Imagen tomada de la red |
En la última riada perdimos a la única abuela que nos
quedaba. Antiguamente las había muy a menudo. Las riadas, digo. En otras
anteriores se habían llevado a mi hermano chico, con su cuna y todo, a una
cuñada taquígrafa, que teníamos, un bonsái heredado y la nevera, con la compra
de ese viernes recién hecha, entre otros muchos seres y enseres. Ya no hay
inundaciones. Porque ya no queda nada que inundar. Todo está húmedo, anegado o
sumergido.
Antes de que se la llevara el agua también, en la tele
contaban que tanta desgracia pantanosa era por causa del deshielo de los polos.
Y por el clima loco y la contaminación y los plásticos en el mar y los
incendios. Y por los ríos, que prefieren volver a su cauce. De eso hace ya muchos
años. Por entonces, los vecinos lo comentaban cuando salían a tomar el fresco y
se acababan burlando de esas ocurrencias.

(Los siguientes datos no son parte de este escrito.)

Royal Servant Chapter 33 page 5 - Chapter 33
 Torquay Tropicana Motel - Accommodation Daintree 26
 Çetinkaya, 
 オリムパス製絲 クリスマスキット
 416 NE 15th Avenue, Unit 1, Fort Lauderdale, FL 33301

Ahora no hay quien salga a tomarlo,
porque todo está igual de fresco y no hay que ir a buscarlo a ningún sitio. Y
porque se ha de permanecer dentro, achicando agua continuamente, si se quiere
respirar sin ahogos y fatigas. Además, ya nadie tiene ganas de hablar, ni
motivos para reírse. Todos han perdido a alguien, arrastrado o disuelto por el
agua. Y tampoco salen a la puerta por lo otro, lo peor de todo, que en la calle
ahora siempre huele a seres vivos muertos.
Mi apuesta para ZENDA, sobre el cambio climático.